Each line from the one containing "Bộ thu Bluetooth" to the last line of the listing below must be reproduced exactly, and nothing more.

_SUPPLIED MATERIAL_:
——

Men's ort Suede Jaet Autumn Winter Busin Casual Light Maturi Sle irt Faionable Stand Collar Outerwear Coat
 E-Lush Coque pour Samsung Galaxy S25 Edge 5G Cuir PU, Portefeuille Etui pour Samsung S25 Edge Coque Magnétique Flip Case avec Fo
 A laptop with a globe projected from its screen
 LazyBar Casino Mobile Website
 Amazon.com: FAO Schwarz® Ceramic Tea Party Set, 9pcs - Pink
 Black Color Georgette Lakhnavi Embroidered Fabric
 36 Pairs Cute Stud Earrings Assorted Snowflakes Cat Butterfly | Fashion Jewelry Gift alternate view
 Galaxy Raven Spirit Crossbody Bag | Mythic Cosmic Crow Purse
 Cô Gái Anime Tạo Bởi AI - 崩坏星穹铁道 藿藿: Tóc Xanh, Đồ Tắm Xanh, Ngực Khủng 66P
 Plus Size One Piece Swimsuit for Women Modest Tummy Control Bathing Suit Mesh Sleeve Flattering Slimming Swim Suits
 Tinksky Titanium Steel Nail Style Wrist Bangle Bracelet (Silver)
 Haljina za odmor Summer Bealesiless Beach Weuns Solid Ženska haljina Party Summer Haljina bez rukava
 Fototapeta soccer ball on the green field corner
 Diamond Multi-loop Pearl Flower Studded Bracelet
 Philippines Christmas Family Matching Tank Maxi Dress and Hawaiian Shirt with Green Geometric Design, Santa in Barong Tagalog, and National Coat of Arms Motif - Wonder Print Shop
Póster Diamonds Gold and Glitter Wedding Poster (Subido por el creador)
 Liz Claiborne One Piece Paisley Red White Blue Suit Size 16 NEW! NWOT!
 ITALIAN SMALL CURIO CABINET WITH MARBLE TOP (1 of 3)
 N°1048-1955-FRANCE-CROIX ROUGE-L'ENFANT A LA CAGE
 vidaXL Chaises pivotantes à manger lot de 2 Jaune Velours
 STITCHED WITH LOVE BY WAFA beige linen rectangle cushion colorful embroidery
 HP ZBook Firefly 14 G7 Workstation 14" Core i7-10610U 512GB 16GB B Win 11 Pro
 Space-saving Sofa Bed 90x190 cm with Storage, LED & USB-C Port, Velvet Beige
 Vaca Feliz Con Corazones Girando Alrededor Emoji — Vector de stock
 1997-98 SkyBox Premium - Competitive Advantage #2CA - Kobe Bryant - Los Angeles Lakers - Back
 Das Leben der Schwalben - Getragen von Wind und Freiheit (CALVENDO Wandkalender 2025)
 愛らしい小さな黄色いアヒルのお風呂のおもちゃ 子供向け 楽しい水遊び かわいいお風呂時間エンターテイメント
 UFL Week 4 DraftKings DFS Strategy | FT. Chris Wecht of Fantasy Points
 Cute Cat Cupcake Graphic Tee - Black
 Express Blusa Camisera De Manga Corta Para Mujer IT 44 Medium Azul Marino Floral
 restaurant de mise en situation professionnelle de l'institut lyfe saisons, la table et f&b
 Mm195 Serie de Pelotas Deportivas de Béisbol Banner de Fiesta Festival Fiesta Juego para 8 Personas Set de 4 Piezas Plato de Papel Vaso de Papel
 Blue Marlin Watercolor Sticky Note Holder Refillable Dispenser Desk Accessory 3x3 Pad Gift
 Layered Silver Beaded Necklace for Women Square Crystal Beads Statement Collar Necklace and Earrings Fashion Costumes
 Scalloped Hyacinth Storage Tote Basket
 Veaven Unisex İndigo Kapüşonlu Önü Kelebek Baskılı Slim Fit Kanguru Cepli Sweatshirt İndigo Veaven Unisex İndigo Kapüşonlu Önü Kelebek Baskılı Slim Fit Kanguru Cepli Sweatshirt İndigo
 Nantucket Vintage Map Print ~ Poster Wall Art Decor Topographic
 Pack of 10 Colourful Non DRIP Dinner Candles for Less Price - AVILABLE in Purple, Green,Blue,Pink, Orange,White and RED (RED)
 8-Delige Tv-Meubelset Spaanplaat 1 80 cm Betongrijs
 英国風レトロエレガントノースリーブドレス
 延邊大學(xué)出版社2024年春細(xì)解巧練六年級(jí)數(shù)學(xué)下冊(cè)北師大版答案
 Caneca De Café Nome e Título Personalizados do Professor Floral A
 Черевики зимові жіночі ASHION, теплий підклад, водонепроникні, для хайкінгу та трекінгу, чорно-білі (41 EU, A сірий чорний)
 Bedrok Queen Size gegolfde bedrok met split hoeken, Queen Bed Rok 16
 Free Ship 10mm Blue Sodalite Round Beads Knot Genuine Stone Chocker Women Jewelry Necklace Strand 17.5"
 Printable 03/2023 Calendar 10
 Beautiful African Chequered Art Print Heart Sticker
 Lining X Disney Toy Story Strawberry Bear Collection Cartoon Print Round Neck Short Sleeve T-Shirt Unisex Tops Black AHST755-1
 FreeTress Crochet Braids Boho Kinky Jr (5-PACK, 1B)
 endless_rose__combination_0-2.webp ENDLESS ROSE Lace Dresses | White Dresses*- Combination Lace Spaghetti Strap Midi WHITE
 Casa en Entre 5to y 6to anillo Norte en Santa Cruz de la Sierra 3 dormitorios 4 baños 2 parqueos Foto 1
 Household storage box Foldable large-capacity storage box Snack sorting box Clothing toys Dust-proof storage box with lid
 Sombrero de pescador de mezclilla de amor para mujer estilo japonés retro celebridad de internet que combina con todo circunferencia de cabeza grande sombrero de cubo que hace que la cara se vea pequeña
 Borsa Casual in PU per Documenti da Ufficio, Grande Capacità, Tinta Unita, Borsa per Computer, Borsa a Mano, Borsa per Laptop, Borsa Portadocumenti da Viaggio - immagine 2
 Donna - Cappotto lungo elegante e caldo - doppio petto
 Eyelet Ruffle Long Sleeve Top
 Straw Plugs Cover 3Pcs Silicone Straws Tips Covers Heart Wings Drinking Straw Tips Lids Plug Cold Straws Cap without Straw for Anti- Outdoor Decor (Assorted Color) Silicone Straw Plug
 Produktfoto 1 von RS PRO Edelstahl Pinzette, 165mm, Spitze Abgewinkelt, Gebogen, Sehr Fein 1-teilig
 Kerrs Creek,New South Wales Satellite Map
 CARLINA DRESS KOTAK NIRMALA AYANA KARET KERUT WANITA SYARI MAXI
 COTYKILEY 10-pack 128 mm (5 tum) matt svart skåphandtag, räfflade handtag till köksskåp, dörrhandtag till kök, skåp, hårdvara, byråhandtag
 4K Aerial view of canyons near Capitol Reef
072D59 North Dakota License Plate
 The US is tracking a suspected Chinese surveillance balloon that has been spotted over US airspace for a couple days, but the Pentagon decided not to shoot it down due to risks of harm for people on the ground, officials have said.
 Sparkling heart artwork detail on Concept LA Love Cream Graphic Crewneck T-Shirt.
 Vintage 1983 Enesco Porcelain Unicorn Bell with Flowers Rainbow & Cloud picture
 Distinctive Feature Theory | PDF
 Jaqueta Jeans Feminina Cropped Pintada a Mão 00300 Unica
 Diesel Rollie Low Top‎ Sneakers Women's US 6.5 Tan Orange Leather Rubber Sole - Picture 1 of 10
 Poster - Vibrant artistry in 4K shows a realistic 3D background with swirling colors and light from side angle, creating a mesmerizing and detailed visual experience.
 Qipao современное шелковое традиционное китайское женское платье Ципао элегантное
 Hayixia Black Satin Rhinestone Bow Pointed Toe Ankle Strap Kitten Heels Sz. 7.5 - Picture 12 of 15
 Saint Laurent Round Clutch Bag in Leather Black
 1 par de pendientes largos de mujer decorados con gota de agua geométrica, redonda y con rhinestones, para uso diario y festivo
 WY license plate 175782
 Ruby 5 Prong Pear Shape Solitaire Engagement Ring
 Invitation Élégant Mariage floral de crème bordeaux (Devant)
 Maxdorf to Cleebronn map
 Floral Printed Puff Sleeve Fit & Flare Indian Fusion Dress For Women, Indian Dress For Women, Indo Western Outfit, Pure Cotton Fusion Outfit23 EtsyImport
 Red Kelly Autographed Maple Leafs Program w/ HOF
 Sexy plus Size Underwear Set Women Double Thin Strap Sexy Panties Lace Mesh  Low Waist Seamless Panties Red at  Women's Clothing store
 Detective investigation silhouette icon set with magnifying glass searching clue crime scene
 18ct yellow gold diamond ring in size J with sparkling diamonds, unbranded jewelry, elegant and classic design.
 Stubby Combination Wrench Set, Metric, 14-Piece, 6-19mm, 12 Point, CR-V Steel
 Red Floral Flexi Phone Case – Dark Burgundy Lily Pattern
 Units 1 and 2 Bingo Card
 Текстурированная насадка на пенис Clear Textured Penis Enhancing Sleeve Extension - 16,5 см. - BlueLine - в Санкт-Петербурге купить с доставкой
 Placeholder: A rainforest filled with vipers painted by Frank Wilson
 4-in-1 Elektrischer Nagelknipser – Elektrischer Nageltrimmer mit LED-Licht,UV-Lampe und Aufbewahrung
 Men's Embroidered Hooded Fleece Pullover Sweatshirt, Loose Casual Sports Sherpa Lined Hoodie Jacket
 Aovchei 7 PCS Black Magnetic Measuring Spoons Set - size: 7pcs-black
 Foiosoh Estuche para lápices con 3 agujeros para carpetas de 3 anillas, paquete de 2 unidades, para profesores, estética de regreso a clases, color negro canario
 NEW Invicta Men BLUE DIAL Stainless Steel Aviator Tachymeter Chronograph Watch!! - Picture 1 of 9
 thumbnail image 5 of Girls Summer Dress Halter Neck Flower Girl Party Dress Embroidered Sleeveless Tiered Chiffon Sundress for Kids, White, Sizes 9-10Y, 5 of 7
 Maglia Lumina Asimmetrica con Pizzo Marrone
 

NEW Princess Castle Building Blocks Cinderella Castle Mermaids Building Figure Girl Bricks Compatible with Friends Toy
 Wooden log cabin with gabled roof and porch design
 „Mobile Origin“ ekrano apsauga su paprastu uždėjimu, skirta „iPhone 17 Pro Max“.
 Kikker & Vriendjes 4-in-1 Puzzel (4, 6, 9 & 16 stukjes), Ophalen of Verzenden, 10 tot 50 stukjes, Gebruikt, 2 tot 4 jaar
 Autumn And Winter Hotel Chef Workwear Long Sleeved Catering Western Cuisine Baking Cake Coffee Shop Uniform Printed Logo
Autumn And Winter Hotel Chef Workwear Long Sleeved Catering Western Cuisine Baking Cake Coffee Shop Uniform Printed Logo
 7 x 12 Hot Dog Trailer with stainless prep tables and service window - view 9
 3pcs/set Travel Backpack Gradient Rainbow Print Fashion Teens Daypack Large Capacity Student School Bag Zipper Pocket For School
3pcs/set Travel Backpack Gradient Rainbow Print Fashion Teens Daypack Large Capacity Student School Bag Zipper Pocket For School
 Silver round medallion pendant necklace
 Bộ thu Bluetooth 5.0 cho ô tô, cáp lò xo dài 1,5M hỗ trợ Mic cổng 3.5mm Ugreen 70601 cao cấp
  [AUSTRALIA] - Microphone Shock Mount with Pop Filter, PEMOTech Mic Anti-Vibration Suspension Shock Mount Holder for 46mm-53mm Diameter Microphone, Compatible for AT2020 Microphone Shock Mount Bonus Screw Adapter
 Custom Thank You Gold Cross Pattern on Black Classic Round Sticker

——

_EXERCISE ANSWER_:
 Bộ thu Bluetooth 5.0 cho ô tô, cáp lò xo dài 1,5M hỗ trợ Mic cổng 3.5mm Ugreen 70601 cao cấp
  [AUSTRALIA] - Microphone Shock Mount with Pop Filter, PEMOTech Mic Anti-Vibration Suspension Shock Mount Holder for 46mm-53mm Diameter Microphone, Compatible for AT2020 Microphone Shock Mount Bonus Screw Adapter
 Custom Thank You Gold Cross Pattern on Black Classic Round Sticker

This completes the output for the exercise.